The Chronicle

What to ask when organising anything

- — Emma Reynolds, news.com.au

FORGET all the complicate­d tips and tricks you’ve heard for organising your life, a Perth writer says there’s just one question you need to ask yourself. And that is: “When did you use this item last?”

Tom Griffiths, co-author of Algorithms To Live By with Brian Christian, says approachin­g life as if you were a computer can make everything far more simple.

“If you’ve ever had to tidy your wardrobe, you’ve run into the agonising decision, should I keep this or throw it away?

“Martha Stewart says you should ask yourself four questions – how long have I had it? Is it functional? Is it a duplicate of something else? And when did you last wear it?

“But other experts who design the memory systems of computers thought longer and harder, and said one question is more important than the others. When did you use it last?”

Griffiths, speaking at TedxSydney, revealed that organising things in order of when you last used them is the “most effective” strategy for accessing what you need quickly.

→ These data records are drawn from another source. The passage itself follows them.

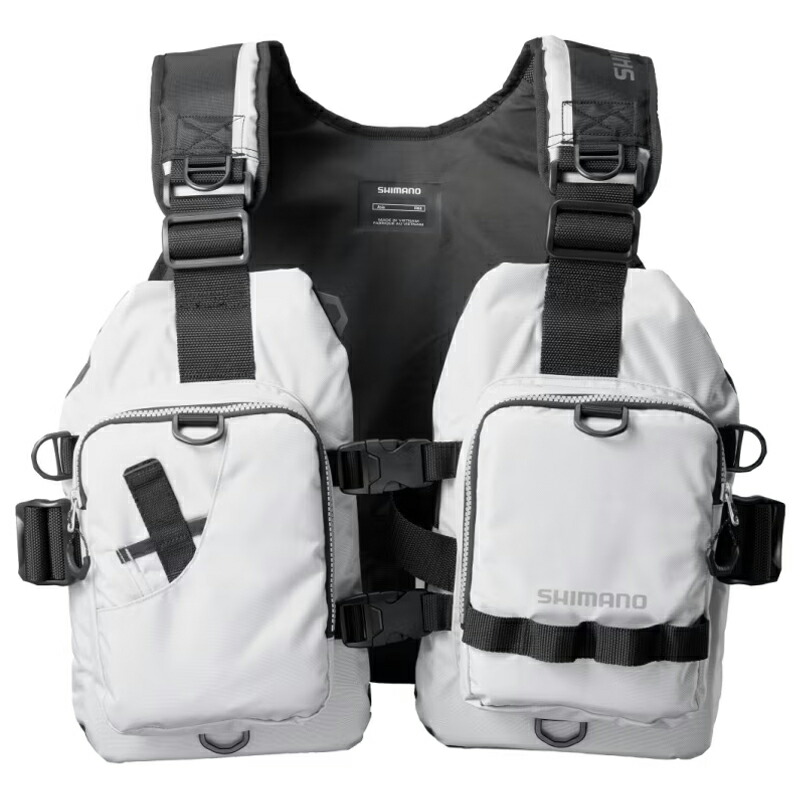 楽天市場】ゲームベストライト フリー ブラック vf-068tの通販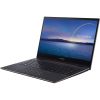 Ноутбук ASUS ZenBook Flip UX371EA-HL294R (90NB0RZ2-M07310) - Изображение 2
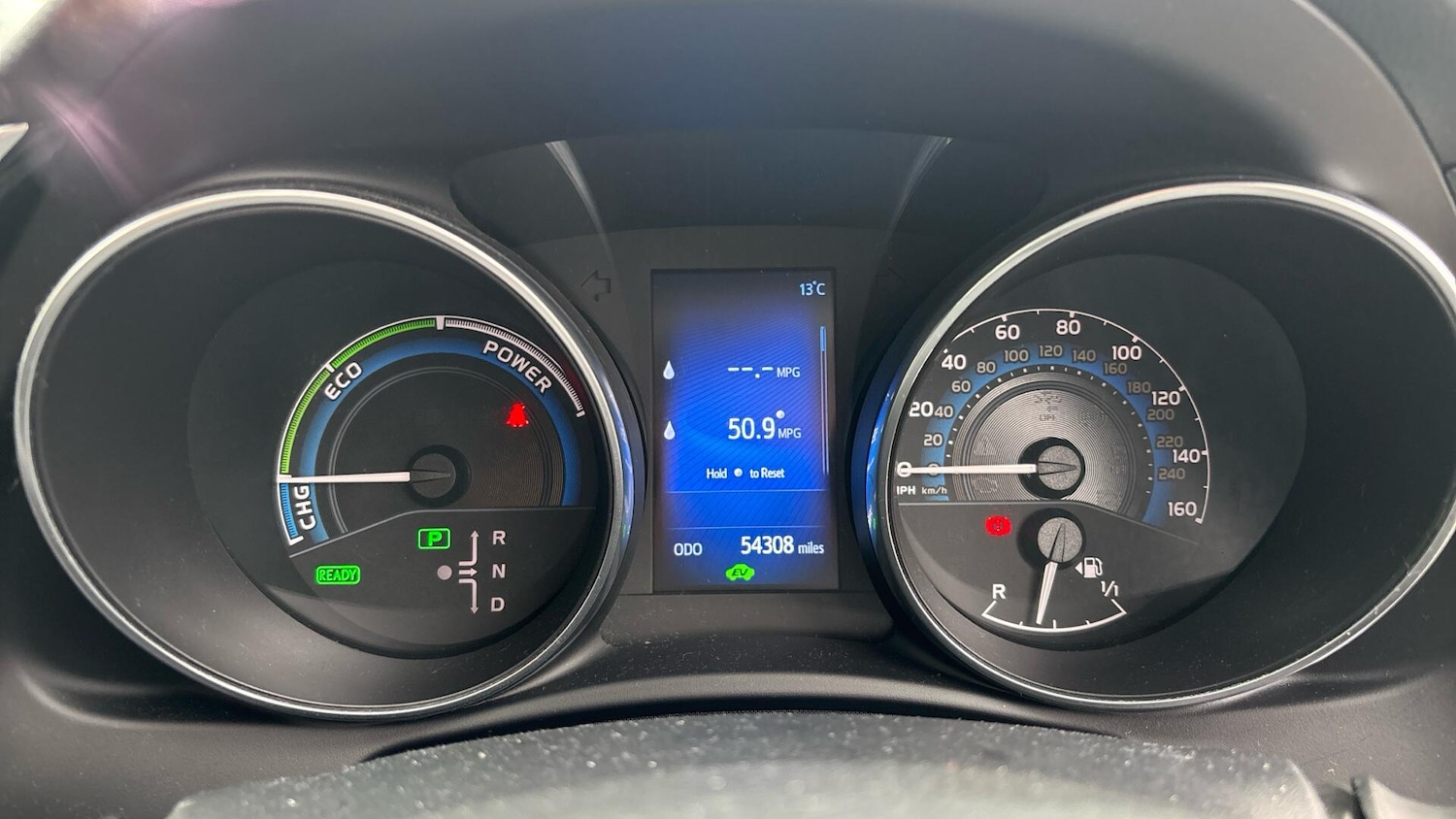 Used Toyota Auris 2017 for sale - 76772761: Photo 17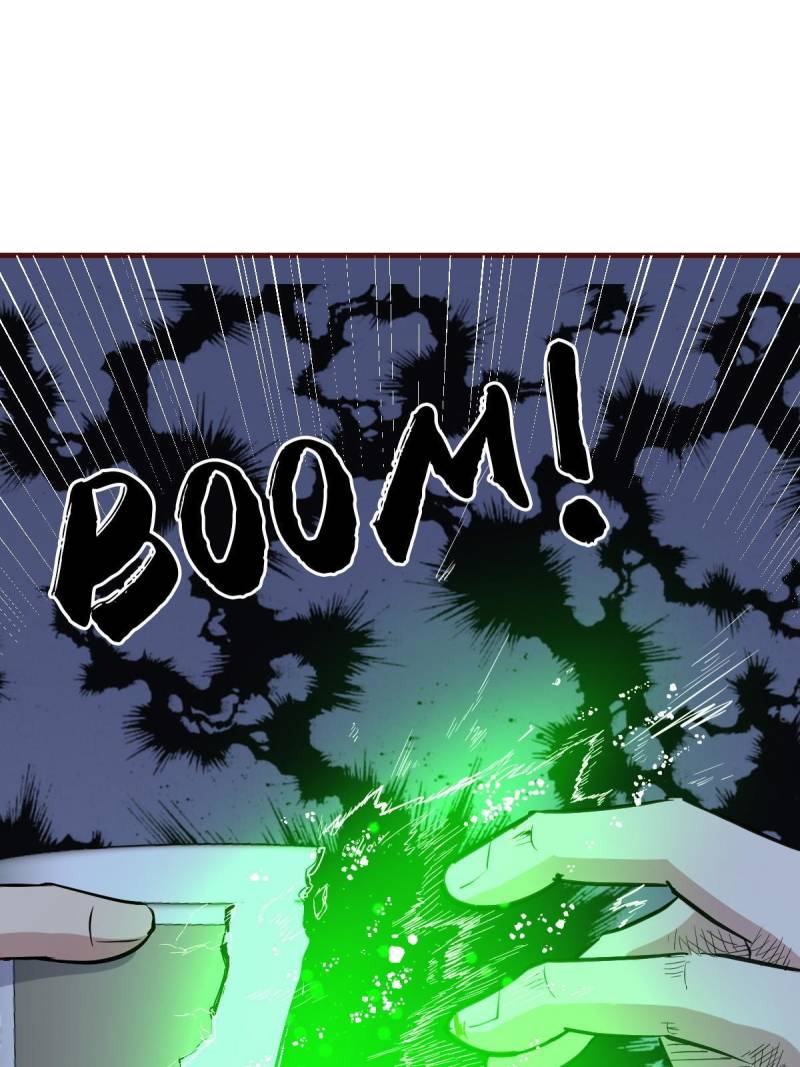 Page 49 of Chapter 97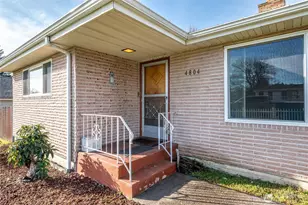 4804 NE St James Rd, Vancouver, WA 98663 - Photo 3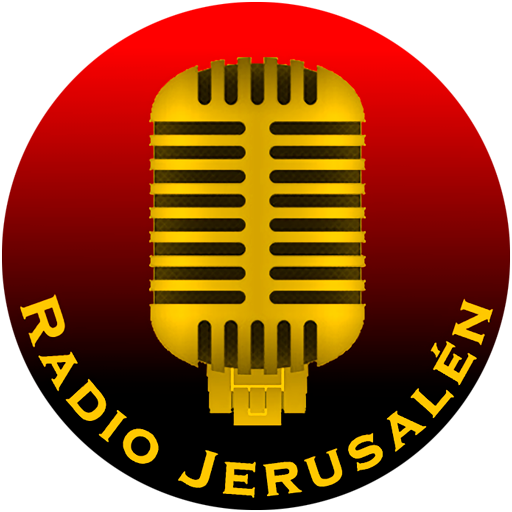 Radio Jerusalén AM 1460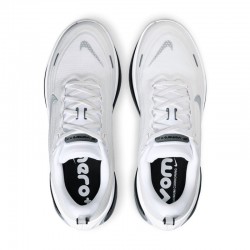 Nike Vomero Plus (II7181-102)Men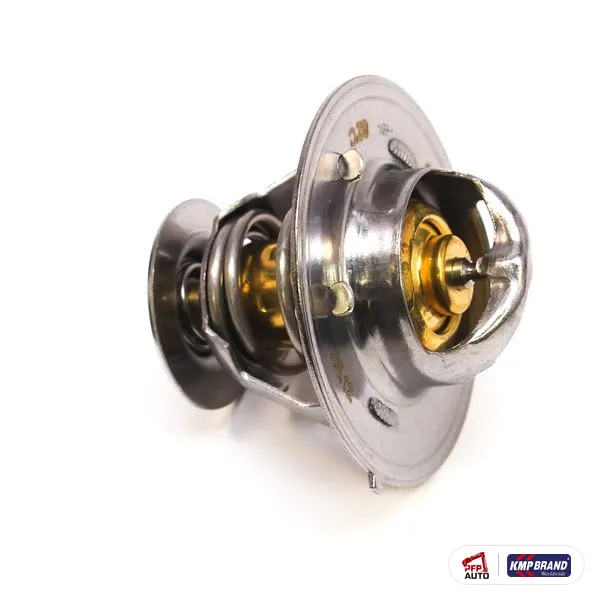 Termostat fără simering KMP Brand pentru Cummins®, cod 3802273NS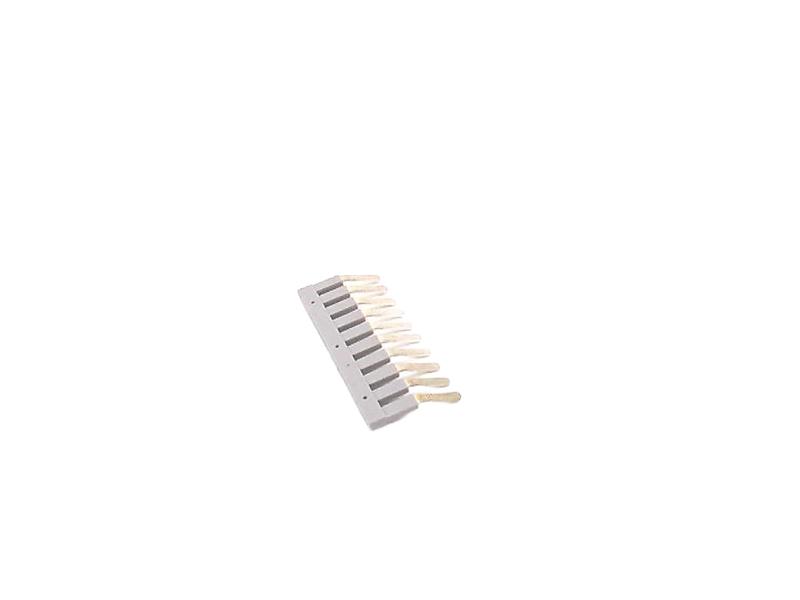 SCHNEIDER ELECTRIC 9080MH71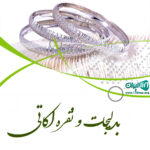 بدلیجات و نقره اکاتی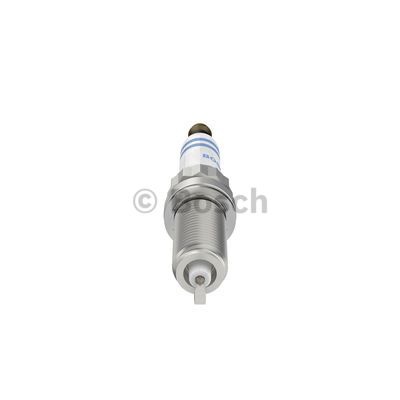 ZR6SII3320 BOSCH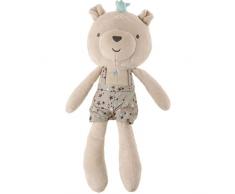 TUC TUC Peluche Ours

He said the hack could work for anything from the papers on your desk, the equipment in your kitchen and the bottles in your bathroom cabinet. And it’s far simpler than Marie Kondo’s cult tidying system.

Japanese economist Noguchi Yukio invented an incredibly simple, self-organising method for filing documents. Don’t try to classify or or sort your papers. Instead, whenever you take a document off the shelf, put it back on the far left. Over time, your most frequently used items will be on the left, things you need occasional­ly will be in the middle, and things you rarely or never use will be on the right, so you can consider archiving or throwing them out.

While he admits that “organising your wardrobe or desk is not the most pressing problem we have”, the author believes we can simplify our lives and still achieve an optimal result.

“The best algorithms are about doing what makes the most sense at the time,” he says.